How much social security will I get if I make $100,000 a year? ›

If your pay at retirement will be $100,000, your benefits will start at $2,026 each month, which equals $24,315 per year. And if your pay at retirement will be $125,000, your monthly benefits at the outset will be $2,407 for $28,889 yearly.

How much social security will I get if I make $75,000 a year? ›

If you earn $75,000 per year, you can expect to receive $2,358 per month -- or about $28,300 annually -- from Social Security.
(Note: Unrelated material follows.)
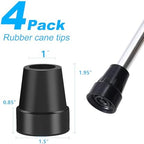 Cane Tips 1 Inch Upgrade Heavy Duty Rubber Walker Accessories Replacement Rubber Cane & Crutches Tips, 4-Pack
Can I retire at 60 with 300k? ›

Yes, you can.

Let's say, for example, you have £300k in a pension after taking your tax-free cash, you have no outstanding debts or mortgage to pay off, and you're entitled to the full state pension at age 67 (or 68 from 2044). For this example, let's say you take £1,500 from your pension per month.

Can you retire $1.5 million comfortably? ›

A $1.5 million nest egg can be more than enough to retire on, but it depends entirely on how much money you plan on spending. The more income you expect to replace, the more you will need to draw down from your retirement account and the larger it will have to be.

What percentage of retirees have $500,000 in savings? ›

How much do people save for retirement? In 2022, about 46% of households reported any savings in retirement accounts. Twenty-six percent had saved more than $100,000, and 9% had more than $500,000. These percentages were only somewhat higher for older people.